Max Lazerich is 16 years old when he runs away from home. He doesn’t want to work in his father’s soda shop. He won’t take school seriously. His dream is to see the world and so he does. The Smell of Opium is my novel-in-progress about a naive Jewish kid from New Jersey coming of age in Shanghai. It will be the final volume to The Shanghai Quartet.
diaspora
Unlike Anyi or her brother Kang, I had no real-life inspiration to draw on for the character of Max Lazerich. Yet in some ways I saw him more clearly than many of the other characters. I knew from the start that Max would be Jewish and this would be a source of conflict for him.

There is a long history of Jews in China and in Shanghai, in particular. One of the first waves came through the Silk Road. I imagine these Jews to have been merchants or interpreters traveling with the caravans that crossed the desert. They settled in Kaifeng, assimilated and grew to be so numerous that an emperor in the Ming dynasty conferred 7 surnames for use by the Jews. One of those names is Kao.
The Chinese probably treated the Jews no worse than any other barbarian. In any event, the Chinese made little distinction among Christians, Muslims and Jews, calling them all the Hui Hui.
ohel rachel
In the 19th century, a new influx arrived in China. This time, Mizrahi Jews from Iraq came to Shanghai. Silas Hardoon, Victor Sassoon, the Kadoorie family. These men built banks, hotels, monuments to themselves and their loved ones.

Ohel Rachel is said to be one of the most beautiful synagogues in Shanghai. The day I arrived to visit, it was closed. All I could glimpse through the thick iron bars was an unloved garden. I’ve immortalized that place in this passage from The Dancing Girl and the Turtle.
This time they met outside a synagogue, closer to the Japanese settlement than Tanizaki liked, so he set Kokoro on watch. She knew the story about the synagogue, built by old Jacob Sassoon in memory of the wife he had loved. Tanizaki waited on a stone bench in the middle of a small bare plot of green, nothing that any self-respecting Japanese would call garden, but something that a Westerner might accept as one.
The Mizrahi Jews were at the height of their power when Max Lazerich arrived in Shanghai in 1929. But they could not recognize his Jewishness anymore than he was able to identify with theirs. Max’s forefathers came from the shtetls of Europe and the traditions of the Ashkenazi. Besides, the last thing Max wanted was to be labelled as a Jew. Antisemitism was rampant among Westerners in Shanghai.
jdc
The last wave of Jews to come to Shanghai started after Kristalnacht. German and Austrian Jews settled in the Hongkew District near Chusan Road. In that area that came to be known as Little Vienna, Yiddish newspapers, beer breweries and pastry shops flourished. The war in Europe seemed far away.
After Pearl Harbor, life in Shanghai changed. Non-Chinese residents wore armbands to indicate their country of origin. The males from enemy countries were rounded up and sent to camps like the one JG Ballard described in Empire of the Sun. The Mizrahi Jews, many of whom were British citizens, had their fortunes frozen. With that vital source of financial support extinguished, the Jewish community of Shanghai looked doomed.
By that time, the Jewish population had exploded. Between 1937 and 1939, Shanghai required no entry visas or financial guarantees. For Jews stripped of their citizenship and thus officially stateless, Shanghai was a port of last resort.

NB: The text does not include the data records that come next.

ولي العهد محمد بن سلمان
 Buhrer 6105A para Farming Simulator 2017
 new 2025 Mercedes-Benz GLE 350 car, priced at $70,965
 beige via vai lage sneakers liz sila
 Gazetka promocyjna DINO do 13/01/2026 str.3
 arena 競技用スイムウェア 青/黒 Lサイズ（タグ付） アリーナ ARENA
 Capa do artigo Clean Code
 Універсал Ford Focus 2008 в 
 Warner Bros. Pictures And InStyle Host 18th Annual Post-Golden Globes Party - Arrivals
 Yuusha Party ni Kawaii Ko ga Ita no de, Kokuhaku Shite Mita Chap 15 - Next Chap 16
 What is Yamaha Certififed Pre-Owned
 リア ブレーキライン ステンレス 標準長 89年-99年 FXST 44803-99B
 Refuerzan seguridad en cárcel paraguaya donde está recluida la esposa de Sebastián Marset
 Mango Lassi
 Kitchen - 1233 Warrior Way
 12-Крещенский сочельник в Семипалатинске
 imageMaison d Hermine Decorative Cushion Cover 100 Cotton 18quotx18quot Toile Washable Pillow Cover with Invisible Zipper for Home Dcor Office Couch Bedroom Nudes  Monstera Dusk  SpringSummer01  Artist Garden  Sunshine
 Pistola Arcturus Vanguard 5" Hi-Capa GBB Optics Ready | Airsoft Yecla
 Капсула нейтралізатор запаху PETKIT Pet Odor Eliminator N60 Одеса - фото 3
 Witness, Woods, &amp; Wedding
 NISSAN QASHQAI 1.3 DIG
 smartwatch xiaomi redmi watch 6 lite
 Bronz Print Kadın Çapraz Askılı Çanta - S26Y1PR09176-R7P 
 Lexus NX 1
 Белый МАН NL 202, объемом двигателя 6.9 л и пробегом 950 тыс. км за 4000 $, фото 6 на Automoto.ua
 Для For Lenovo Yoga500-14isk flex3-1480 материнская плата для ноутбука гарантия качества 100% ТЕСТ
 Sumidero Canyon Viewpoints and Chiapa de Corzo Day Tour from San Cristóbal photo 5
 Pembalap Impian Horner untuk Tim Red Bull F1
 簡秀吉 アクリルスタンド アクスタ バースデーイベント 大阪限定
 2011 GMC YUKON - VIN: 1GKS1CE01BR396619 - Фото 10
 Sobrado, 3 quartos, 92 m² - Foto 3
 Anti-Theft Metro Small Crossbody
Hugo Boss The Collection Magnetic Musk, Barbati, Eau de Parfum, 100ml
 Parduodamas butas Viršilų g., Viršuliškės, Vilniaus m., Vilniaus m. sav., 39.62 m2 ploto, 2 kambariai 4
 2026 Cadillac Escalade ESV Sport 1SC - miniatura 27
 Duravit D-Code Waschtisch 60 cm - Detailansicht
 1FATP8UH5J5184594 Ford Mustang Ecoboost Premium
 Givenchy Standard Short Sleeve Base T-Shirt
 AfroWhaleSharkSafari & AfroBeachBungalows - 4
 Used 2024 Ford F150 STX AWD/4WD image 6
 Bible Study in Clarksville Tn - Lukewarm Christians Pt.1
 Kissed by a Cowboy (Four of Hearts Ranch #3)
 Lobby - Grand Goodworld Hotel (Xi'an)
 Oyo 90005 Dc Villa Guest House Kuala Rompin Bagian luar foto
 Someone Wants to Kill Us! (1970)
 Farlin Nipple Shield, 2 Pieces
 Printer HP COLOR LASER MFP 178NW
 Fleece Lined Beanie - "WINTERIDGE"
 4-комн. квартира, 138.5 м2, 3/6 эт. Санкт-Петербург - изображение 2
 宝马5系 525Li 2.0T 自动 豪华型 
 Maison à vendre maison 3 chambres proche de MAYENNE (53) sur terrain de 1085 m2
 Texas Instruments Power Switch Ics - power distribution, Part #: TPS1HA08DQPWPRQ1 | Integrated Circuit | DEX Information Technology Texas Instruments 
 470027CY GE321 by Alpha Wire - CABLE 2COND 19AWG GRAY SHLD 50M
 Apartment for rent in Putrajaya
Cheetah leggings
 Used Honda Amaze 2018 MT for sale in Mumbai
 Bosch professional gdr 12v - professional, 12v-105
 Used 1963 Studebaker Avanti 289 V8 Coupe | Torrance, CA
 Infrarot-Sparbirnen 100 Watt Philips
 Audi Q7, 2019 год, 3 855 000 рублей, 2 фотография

In 1943, the Japanese occupier ordered all stateless Jews into the Shanghai Ghetto. As ghettos went, this one was not bad. There were no gates or fences. But there was no food either and conditions were harsh. The Joint Distribution Committee (JDC) did what they could to provide relief inside the Shanghai Ghetto.
max’s test
In a coming-of-age novel, the hero or heroine should face some kind of test to prove their adulthood. A battle, say, or some other act of derring-do to show Max is now a man. But I’ve opted for a different challenge.
Max’s test will come in the form of a square-jawed girl. They’ll meet over a platter of moon cakes. They’ll take walks chaperoned by the bouncer of a whorehouse. He’ll fall in love with that Chinese girl named Jin as war is about to engulf Shanghai.